Effective March 30, EMA will operate out of the Spark building until its final, tailor-made headquarters in Amsterdam’s Zuidas district becomes available. So far, the EMA said in a press announcement, nearly 350 staff members have already relocated to the Netherlands. A number of EMA staffers will telework from London, though overall, the agency still anticipates losing about 25 percent of its total workforce of around 900 people.
‘Hard’ Brexit could be disastrous
Davies, who worked as an EMA regulator for six years, spent 12 years before that as a pediatrician at London’s Great Ormond Street Hospital.
“We already know that marketing authorizing holders in the UK will have to transfer to Europe to be registered,” said Davies, interviewed at the 2nd International Congress on Advanced Treatments in Rare Diseases, held March 4-5 in Vienna. “What we don’t know is the impact of the customs unions, and whether we will be adopting same regulations exactly in the way Switzerland does, or if additional processes will be required,” Davies said.
She added: “Pharma companies are not going to be interested in doing another marketing authorization application via MHRA which they’d have to do if the EMA’s authorization is no longer valid in the UK. In a ‘soft Brexit’ scenario, it could be valid.
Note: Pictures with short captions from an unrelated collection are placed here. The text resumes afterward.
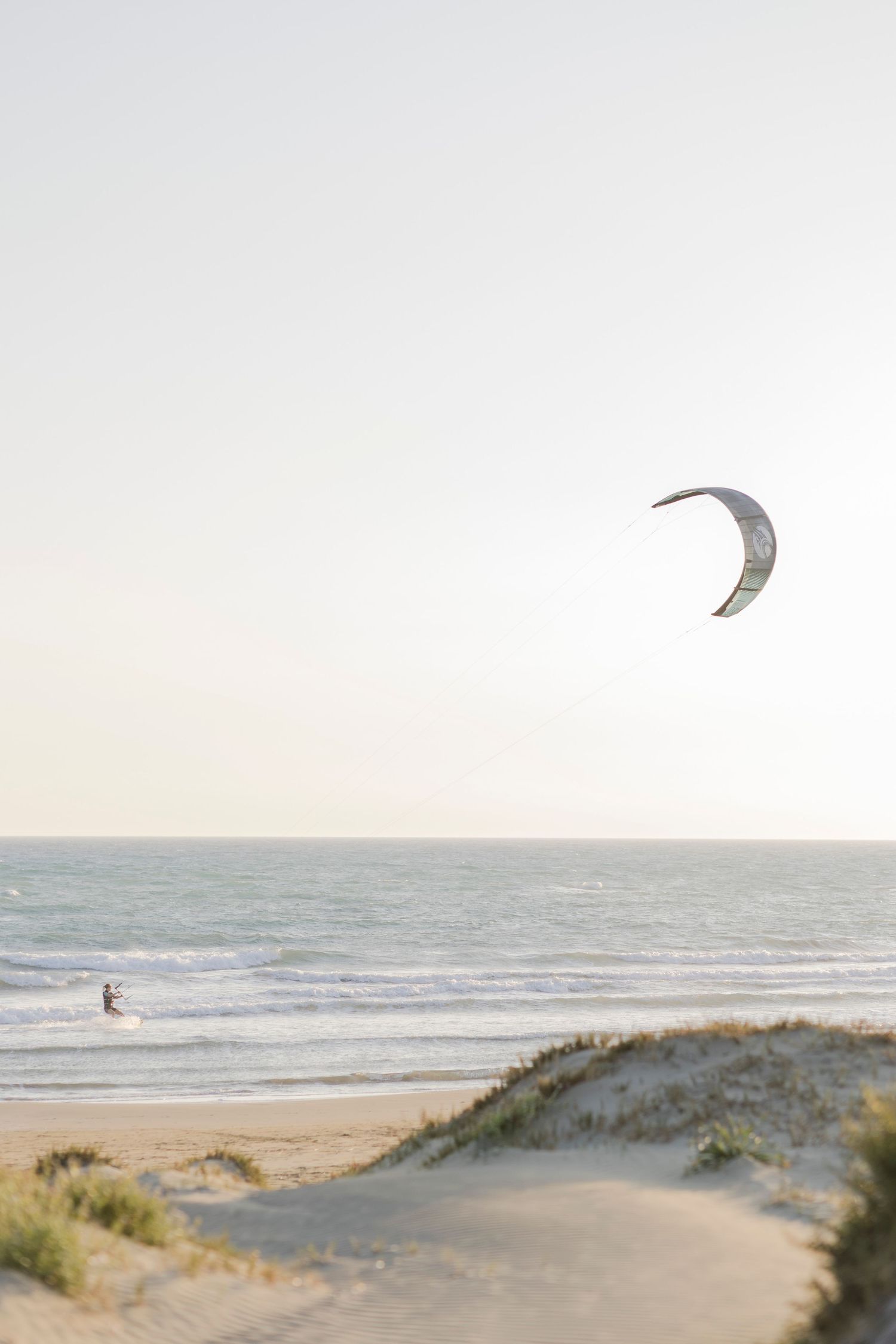 A kite surfer rides ocean waves near sandy dunes under a pale sky at a serene beach.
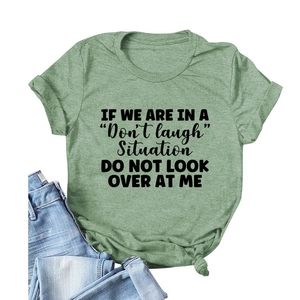Women's sage green cotton T-shirt featuring a black graphic slogan and a stylish knotted hem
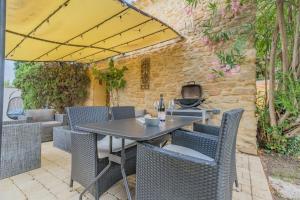 una mesa y sillas bajo una sombrilla en un patio en Mazet Magnan, Rustic Luxury in Provence, en Piolenc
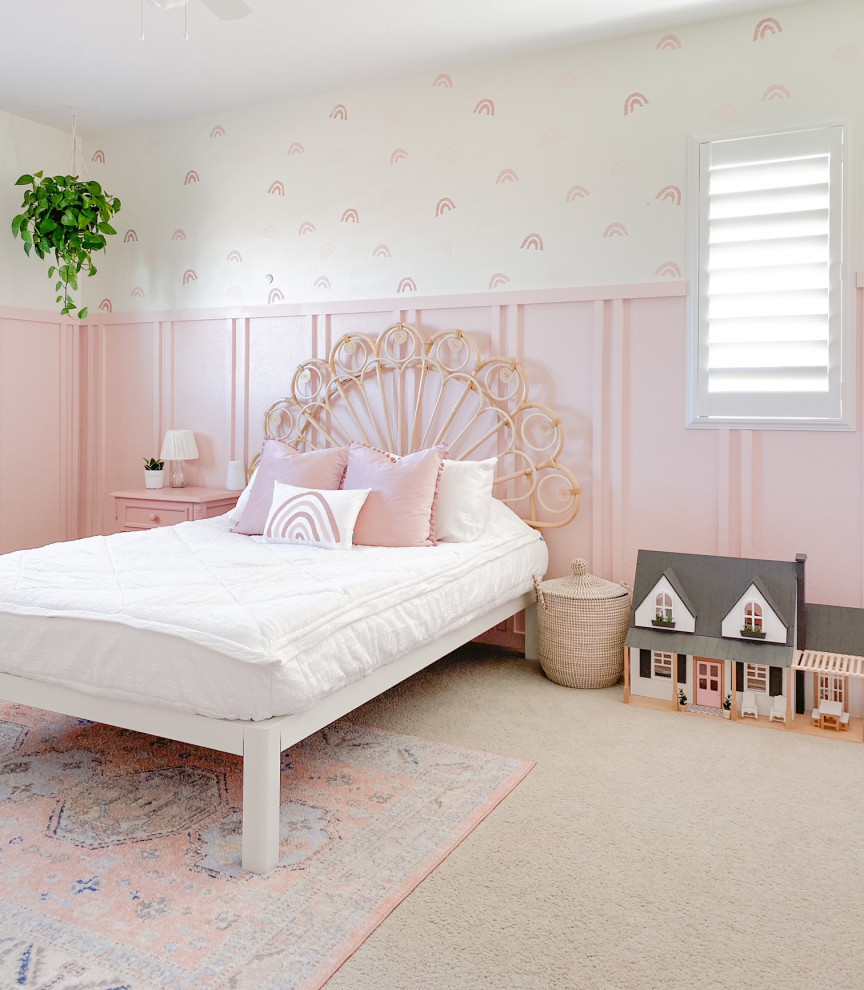 This is an example of a country kids' bedroom for girls in Denver with pink walls and wainscoting.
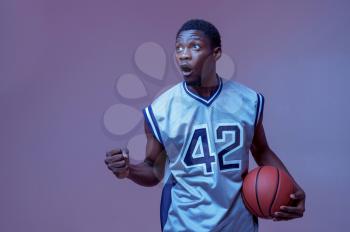 Confident basketball player poses with ball in studio, neon background. Professional male baller in sportswear playing sport game, tall sportsman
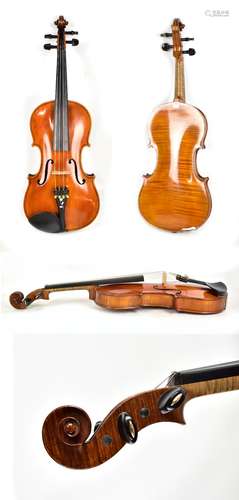 A full size German violin, Stradivarius copy with two-piece back, length 35.8cm and typical label,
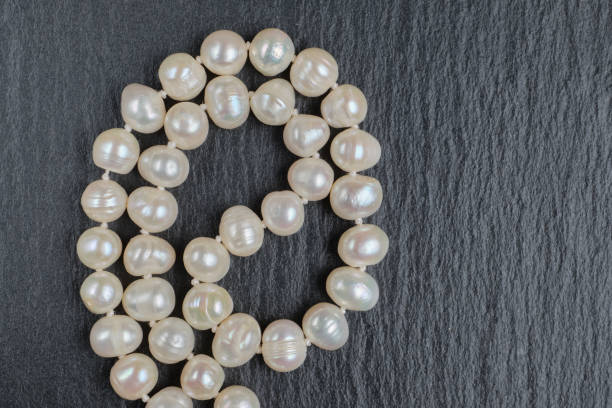 istock Pearl necklace on a stone table. Top view. 1220441864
But in a ‘hard Brexit’ scenario, it would not be.”
Jayne Spink, chief executive of Genetic Alliance UK, said the EU has provided Britain’s rare disease patients with invaluable provisions, including access to the EMA, as well as research funding, shared initiatives and cross-collaborations.
In a February 2018 opinion piece for the Financial Times, Spink pointed out that the MHRA accounts for 35 percent of the EMA’s drug safety monitoring, and about 40 percent of the evaluation of highly complex therapies.
“Nowhere has the value of a single market been seen more clearly than in the rare disease sector — medicines for rare diseases and medical devices get a single authorization to be used in the EU, providing for cost-effective licensing and distribution of medicines for small populations,” she said. “Losing this leverage and the incentives of the centralized process could be the difference between UK patients being able to access a new treatment for a rare disease or not.”
Another real concern post-Brexit is the loss of crucial EU funding, without which British scientific researchers may no longer be able to finance clinical trials.
“It will require monumental action to make sure British patients don’t suffer as a result,” Davies said, adding that delays in accessing life-saving drugs are a real possibility. “I’m afraid at this moment in time we won’t see any positive outcome from it.”
As if all that’s not enough, Collins said British rare disease advocacy groups are “incredibly worried” that — with fewer lucrative incentives and more stringent immigration controls in place — luring new medical talent to her country will be very difficult once Brexit is a reality.
“Very few individuals residing in the UK are capable of treating each individual rare disease,” she wrote. “It is paramount, therefore, that Britain is able to attract as many specialists to the country as possible.”